O casal se esforça bem pra dar credibilidade aos personagens e reagir ao terror, mas tudo o que o primeiro filme tinha de econômico no drama de Liv Tyler e Scott Speedman esse só faz enrolar porque basicamente não faz a menor ideia do que fazer com os vilões. Na falta dessa ideia, ele fica nesse jogo de referências ao original (as perguntas por Tamara, o celular que some, o tiro errado, a caminhonete dos mascarados, o clímax com as cadeiras amarradas) e é incapaz de tomar qualquer decisão arriscada ou explorar alguma possibilidade nova.
Assistir ao filme de 2008 e a sequência autônoma e subestimada de 2018 é um exercício interessante porque eles partem da mesma premissa para, no primeiro, trabalhar com o terror psicológico do home invasion e, no segundo, criar um jogo de gato e rato à John Carpenter assumindo o slasher de vez.

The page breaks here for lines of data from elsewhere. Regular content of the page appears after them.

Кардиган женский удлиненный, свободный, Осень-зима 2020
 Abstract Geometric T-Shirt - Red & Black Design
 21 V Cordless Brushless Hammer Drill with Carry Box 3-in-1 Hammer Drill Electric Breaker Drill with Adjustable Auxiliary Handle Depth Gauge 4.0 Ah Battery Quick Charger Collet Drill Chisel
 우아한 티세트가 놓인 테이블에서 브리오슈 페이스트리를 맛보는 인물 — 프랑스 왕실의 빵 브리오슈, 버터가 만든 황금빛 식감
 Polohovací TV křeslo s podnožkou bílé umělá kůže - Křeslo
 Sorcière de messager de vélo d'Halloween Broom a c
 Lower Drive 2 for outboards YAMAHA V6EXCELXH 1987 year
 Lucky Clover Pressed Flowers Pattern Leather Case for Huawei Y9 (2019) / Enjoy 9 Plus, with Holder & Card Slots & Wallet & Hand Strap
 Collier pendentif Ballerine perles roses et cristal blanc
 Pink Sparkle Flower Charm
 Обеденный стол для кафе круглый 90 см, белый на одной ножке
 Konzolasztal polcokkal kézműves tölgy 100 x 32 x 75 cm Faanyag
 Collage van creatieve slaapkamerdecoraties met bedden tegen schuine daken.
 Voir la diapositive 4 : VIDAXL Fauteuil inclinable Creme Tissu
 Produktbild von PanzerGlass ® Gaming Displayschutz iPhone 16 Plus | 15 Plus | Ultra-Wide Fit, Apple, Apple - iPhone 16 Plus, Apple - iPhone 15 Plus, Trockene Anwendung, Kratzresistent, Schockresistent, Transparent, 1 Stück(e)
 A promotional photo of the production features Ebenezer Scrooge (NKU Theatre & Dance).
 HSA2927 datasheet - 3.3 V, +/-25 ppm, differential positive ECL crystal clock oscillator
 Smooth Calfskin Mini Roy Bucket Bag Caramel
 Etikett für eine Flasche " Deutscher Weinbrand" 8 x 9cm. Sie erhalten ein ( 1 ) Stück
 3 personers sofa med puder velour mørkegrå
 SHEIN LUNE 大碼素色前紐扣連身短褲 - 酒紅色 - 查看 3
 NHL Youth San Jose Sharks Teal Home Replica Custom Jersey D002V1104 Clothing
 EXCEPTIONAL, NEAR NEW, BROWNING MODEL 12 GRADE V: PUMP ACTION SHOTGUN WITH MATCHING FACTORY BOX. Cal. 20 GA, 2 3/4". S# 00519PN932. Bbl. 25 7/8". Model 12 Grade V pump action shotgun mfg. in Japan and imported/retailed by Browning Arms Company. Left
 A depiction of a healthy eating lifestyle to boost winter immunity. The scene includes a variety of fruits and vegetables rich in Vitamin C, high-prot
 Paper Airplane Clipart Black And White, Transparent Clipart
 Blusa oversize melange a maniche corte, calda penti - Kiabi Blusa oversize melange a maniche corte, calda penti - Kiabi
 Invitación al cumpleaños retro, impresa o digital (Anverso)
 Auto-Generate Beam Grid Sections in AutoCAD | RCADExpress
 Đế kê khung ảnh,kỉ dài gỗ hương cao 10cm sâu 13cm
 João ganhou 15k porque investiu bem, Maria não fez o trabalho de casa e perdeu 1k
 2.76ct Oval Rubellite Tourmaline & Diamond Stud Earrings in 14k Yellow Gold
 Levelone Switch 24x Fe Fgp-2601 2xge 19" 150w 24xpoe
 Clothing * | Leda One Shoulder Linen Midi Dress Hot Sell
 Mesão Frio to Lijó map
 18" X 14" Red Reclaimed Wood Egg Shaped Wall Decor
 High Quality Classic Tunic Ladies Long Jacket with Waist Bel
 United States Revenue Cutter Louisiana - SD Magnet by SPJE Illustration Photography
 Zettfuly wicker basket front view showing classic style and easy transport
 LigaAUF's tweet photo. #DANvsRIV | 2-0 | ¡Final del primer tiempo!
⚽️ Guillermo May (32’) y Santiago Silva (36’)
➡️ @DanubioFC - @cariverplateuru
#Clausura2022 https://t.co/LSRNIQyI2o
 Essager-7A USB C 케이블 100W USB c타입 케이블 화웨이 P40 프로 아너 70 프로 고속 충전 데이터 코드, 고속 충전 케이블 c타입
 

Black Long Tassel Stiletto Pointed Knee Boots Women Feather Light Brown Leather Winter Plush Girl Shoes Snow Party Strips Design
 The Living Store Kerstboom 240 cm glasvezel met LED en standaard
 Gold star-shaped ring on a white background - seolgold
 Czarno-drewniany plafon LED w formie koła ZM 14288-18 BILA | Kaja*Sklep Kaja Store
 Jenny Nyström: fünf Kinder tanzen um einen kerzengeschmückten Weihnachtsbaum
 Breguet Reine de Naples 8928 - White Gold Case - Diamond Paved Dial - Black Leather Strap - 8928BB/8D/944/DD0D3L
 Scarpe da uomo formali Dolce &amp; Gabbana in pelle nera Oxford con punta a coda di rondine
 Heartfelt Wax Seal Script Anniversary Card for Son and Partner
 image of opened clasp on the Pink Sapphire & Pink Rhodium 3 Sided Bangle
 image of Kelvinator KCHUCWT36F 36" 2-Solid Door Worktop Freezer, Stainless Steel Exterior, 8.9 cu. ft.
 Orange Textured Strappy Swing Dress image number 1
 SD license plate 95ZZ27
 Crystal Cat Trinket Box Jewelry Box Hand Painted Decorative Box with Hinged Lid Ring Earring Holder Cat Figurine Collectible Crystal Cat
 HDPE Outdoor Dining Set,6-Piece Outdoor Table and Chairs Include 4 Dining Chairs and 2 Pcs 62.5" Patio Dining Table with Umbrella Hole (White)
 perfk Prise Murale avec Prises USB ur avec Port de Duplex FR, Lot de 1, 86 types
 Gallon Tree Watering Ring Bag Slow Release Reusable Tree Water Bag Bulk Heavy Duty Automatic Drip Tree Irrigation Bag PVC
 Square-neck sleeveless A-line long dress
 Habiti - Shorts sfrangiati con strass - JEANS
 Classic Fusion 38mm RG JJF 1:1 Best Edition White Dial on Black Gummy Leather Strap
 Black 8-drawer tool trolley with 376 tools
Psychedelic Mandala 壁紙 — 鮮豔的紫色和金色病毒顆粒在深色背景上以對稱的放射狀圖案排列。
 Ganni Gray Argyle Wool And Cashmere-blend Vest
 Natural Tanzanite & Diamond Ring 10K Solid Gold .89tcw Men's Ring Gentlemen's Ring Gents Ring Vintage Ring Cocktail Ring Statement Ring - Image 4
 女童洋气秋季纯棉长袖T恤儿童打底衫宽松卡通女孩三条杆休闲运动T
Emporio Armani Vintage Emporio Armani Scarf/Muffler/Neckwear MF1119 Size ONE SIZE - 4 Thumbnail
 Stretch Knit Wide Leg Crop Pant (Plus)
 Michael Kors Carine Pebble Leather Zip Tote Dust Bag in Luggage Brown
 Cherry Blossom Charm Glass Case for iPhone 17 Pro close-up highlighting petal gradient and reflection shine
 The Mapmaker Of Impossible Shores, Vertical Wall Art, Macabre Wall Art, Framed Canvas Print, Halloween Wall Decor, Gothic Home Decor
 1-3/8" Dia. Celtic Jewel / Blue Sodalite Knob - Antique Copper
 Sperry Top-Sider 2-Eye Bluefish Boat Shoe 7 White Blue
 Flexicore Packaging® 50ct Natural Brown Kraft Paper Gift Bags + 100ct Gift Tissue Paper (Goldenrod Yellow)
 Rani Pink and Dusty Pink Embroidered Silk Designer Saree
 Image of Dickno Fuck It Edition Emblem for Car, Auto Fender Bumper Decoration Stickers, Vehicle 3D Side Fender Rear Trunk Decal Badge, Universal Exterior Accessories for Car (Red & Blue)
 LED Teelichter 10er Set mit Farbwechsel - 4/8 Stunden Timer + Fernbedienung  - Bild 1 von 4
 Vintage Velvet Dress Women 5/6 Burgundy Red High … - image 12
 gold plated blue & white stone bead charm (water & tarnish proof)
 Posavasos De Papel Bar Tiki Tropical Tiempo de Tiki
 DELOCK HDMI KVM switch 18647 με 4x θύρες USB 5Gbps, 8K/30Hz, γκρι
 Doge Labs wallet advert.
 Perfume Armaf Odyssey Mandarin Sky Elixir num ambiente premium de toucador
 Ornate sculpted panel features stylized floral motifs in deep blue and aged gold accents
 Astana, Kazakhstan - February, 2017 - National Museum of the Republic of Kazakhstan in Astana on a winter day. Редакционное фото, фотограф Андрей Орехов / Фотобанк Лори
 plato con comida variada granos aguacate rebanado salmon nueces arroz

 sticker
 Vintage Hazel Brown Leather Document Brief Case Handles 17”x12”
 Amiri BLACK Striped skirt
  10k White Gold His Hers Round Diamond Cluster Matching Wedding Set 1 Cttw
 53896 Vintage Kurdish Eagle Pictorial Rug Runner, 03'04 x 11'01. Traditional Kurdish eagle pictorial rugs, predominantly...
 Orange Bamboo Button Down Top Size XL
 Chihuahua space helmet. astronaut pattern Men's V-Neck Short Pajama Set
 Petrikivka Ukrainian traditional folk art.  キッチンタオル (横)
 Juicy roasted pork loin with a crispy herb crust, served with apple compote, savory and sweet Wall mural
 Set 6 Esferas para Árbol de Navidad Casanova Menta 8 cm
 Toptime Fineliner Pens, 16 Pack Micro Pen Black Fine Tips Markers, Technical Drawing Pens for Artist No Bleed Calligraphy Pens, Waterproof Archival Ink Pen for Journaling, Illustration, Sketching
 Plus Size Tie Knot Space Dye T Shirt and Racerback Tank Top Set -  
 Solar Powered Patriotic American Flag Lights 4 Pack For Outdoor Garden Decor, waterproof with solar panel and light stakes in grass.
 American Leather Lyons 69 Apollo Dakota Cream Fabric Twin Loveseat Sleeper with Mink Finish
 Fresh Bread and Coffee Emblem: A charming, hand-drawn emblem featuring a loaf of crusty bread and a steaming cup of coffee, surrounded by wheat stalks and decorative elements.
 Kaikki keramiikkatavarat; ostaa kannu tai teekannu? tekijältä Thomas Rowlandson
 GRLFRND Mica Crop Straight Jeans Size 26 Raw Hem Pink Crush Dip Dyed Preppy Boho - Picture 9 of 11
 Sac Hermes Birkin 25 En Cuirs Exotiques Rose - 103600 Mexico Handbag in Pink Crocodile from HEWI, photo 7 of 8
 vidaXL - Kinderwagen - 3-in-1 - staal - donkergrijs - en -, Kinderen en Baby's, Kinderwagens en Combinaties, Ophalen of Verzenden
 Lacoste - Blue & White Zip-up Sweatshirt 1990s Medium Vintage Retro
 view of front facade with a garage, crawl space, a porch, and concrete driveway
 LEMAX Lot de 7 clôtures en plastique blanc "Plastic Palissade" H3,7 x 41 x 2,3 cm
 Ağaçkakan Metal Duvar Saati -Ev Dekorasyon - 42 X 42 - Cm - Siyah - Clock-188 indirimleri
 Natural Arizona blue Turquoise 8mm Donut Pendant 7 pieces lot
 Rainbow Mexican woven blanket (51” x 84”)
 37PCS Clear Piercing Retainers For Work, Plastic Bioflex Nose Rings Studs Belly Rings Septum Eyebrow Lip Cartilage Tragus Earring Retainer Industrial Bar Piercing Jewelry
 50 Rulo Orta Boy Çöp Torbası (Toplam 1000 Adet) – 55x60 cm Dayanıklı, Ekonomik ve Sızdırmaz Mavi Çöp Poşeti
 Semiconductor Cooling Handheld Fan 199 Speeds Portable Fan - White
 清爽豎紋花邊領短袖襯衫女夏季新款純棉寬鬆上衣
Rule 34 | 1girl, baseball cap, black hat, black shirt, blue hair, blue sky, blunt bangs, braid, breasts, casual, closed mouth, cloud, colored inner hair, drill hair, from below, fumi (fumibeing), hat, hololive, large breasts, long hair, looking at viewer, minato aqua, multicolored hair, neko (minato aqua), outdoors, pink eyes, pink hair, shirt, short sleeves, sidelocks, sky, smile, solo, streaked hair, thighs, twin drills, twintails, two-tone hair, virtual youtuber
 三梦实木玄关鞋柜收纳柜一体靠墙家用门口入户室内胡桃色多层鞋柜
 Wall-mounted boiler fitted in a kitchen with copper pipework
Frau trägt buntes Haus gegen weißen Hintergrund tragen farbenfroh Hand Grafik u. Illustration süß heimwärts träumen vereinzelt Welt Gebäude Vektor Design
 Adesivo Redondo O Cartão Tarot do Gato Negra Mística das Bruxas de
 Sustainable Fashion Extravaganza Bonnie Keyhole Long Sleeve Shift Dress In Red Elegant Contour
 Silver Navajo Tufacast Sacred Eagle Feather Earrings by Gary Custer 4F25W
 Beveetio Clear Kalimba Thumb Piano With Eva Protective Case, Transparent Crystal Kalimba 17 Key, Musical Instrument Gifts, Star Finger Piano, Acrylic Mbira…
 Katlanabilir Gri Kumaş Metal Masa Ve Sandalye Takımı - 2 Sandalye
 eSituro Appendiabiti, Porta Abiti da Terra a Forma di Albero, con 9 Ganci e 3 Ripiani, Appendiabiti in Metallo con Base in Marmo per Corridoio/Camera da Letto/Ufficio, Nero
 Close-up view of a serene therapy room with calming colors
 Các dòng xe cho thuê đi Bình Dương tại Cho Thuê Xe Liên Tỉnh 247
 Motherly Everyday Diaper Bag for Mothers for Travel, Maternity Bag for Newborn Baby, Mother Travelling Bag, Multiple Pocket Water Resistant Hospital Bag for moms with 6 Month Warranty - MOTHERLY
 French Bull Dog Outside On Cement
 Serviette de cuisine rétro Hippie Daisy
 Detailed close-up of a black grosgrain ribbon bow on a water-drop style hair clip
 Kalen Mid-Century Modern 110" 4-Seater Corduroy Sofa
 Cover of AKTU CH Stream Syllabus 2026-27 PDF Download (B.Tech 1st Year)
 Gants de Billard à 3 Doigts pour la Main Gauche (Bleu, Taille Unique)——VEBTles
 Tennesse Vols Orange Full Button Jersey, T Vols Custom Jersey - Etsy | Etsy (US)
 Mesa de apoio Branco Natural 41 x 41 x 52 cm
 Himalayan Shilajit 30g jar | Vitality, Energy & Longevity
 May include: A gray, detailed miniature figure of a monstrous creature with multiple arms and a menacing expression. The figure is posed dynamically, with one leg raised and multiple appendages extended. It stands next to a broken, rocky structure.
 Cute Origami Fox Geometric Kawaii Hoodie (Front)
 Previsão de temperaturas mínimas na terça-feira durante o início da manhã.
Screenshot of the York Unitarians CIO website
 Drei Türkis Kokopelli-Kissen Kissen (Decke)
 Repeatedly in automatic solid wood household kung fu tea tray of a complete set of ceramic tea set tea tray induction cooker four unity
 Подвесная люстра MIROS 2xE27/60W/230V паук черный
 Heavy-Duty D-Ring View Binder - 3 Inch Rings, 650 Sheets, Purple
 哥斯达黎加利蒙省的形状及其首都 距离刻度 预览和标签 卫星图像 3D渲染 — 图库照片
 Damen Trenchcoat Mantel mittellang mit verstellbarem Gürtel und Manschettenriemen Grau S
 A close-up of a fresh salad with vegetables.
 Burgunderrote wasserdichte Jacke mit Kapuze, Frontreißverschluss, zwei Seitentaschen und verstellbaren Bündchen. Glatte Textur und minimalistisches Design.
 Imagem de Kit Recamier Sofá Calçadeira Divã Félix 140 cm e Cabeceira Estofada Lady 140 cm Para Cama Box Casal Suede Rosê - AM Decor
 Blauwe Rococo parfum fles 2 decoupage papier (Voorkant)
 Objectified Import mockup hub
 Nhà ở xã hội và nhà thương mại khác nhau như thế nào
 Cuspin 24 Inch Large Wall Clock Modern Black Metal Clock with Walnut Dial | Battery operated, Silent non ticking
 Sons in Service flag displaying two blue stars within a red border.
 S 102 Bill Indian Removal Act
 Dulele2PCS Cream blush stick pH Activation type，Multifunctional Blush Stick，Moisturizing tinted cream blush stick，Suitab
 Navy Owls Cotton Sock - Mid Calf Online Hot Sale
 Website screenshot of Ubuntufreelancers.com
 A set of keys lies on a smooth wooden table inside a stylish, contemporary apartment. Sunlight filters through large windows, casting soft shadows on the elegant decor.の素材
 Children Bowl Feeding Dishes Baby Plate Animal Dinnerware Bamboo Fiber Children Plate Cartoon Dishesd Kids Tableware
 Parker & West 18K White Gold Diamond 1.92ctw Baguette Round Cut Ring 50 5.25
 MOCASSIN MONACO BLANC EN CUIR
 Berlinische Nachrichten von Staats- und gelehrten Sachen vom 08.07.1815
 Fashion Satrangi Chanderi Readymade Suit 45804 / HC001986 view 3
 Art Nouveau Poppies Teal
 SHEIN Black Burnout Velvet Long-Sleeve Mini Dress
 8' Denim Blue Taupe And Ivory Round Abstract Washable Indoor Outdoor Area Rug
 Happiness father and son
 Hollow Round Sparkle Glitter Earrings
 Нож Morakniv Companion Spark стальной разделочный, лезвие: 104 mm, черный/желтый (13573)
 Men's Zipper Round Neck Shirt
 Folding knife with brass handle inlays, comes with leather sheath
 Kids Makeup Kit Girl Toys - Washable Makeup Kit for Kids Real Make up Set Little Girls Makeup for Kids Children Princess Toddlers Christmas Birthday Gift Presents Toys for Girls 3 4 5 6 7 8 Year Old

O filme de 2018, aliás, era um bom exemplo de como pegar uma ideia e brincar com ela sem abandonar o conceito central. Todo o terceiro ato daquele filme sozinho tinha mais ideias, tensão e divertimento do que qualquer coisa dessa refilmagem de Harlin.
Com todos os seus incontáveis problemas, O exorcista: O devoto, de David Gordon Green, outro péssimo começo de trilogia, ao menos tinha algumas tentativas claras - nenhuma funcionava e o resultado era uma bagunça, mas existia um esforço ali, um caos de temas e possibilidades formais. Aqui em Os estranhos: capítulo 1 não há quase nada, nem mesmo um gancho verdadeiro para a sequência, a ser lançada supostamente ainda esse ano.